Targum Pseudo-Jonathan on Exodus (Exodus 23:13) gives an unusual command: of all the precepts that I have spoken to you, be careful; and the names of the idols of the Gentiles remember not, nor let them be heard upon your lips.
This is not merely a prohibition against worship. It is a prohibition against speech. Do not pronounce their names. Do not mention them in jest. Do not use them as landmarks.
Why Speech Matters So Much
The Torah understands that names carry weight. To name something is to give it a place in your mental world. A god whose name you say casually becomes a god you think about casually. Over generations, this familiarity slides into tolerance, and tolerance into worship.

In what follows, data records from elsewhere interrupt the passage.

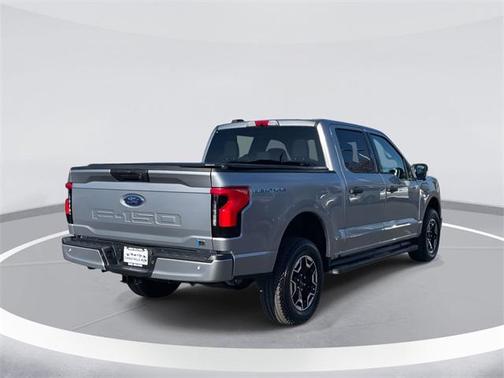 2023 Ford F-150 Lightning XLT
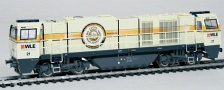 [Lokomotivy] → [Motorové] → [G 2000] → 40230: dieselová lokomotiva krémová s okrovým pásem a černým pojezdem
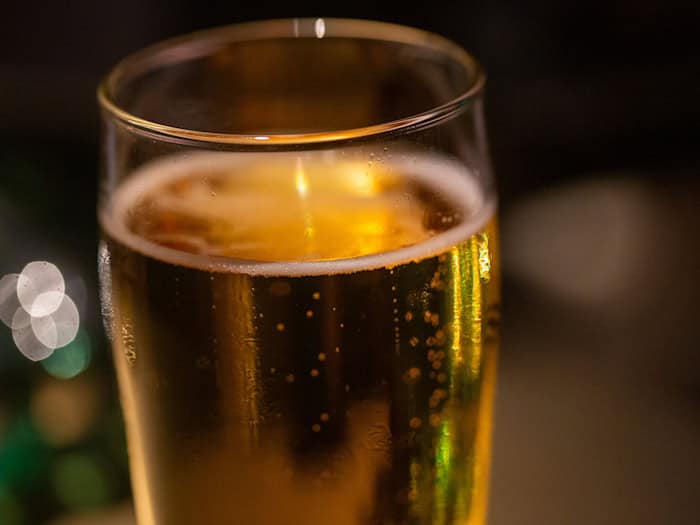 Beim «Pint of Science» ist Bier natürlich keine Pflicht - es geht auch jedes andere Getränk. / Foto: Fernando Gutierrez-Juarez/dpa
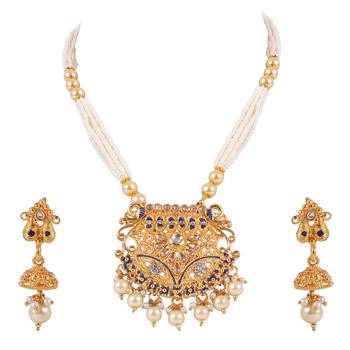 Gold crystal pendants 1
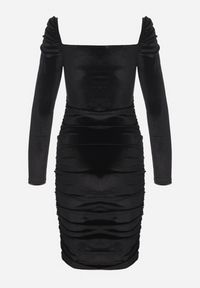 Born2be - Czarna Dopasowana Welurowa Sukienka Ozdobiona Marszczeniem Sopaliae. Kolor: czarny. Materiał: welur. Długość rękawa: długi rękaw. Wzór: aplikacja. Styl: klasyczny #2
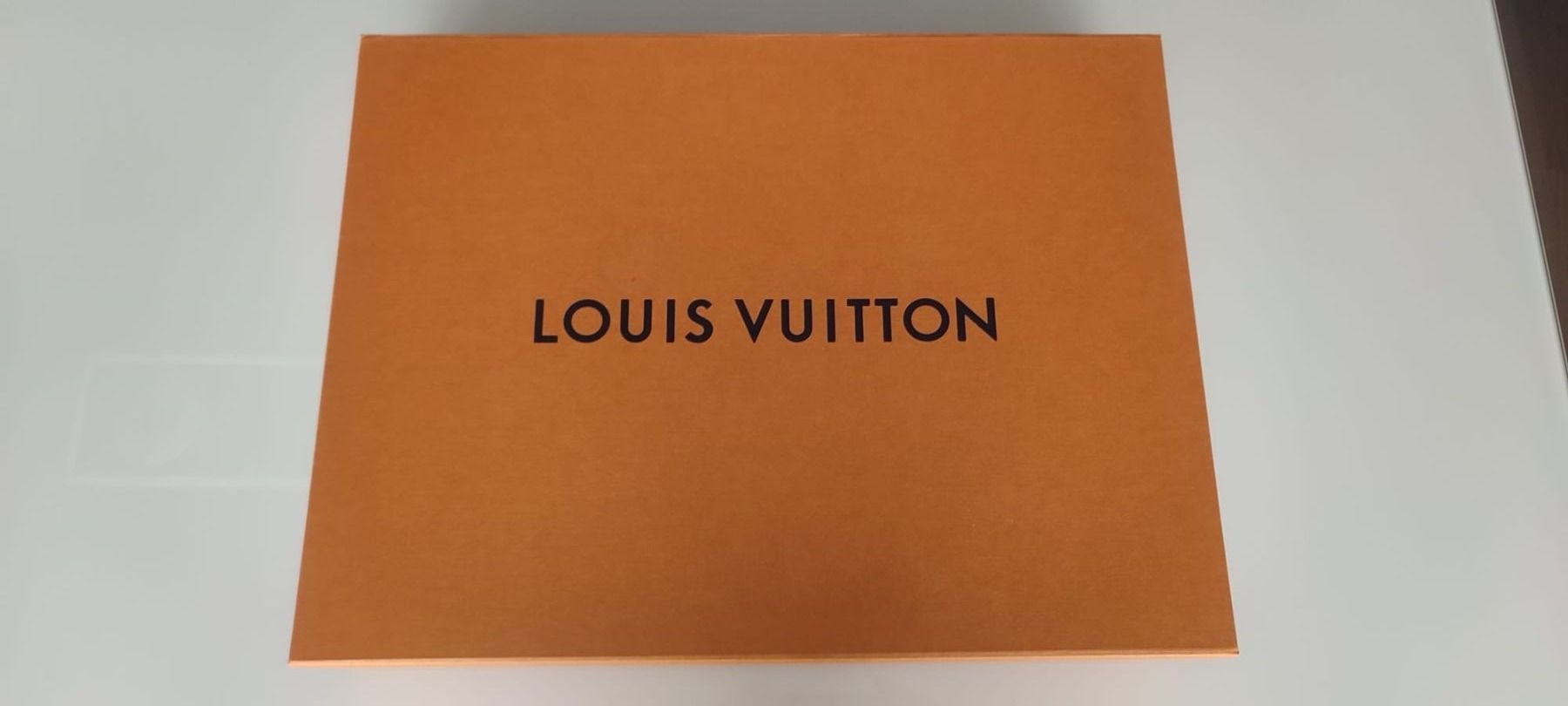 Louis Vuitton Occhiali & Lenti: Original Louis Vuitton Damen-Sonnenbrille – Nuovo (secondo la descrizione) da Reinach BL venduto da Biggi71 9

The rabbis extended this ruling into daily practice. Do not say I will meet you by the temple of so-and-so, using the idol as a landmark. Find another way to describe the location. The Torah is training Jewish mouths to speak only the Name that matters.
The Broader Principle
The Targum opens the verse with a general charge: of all the precepts that I have spoken to you, be careful. Then it narrows to idolatry. This is the Torah's way of saying: the whole covenant depends on this one thing. Every mitzvah you keep is a consequence of the first commandment. Every mitzvah you abandon is a prelude to idolatry.
The Takeaway
Language shapes loyalty. The Torah commands a Jewish mouth to keep certain names alive and let others fade into silence.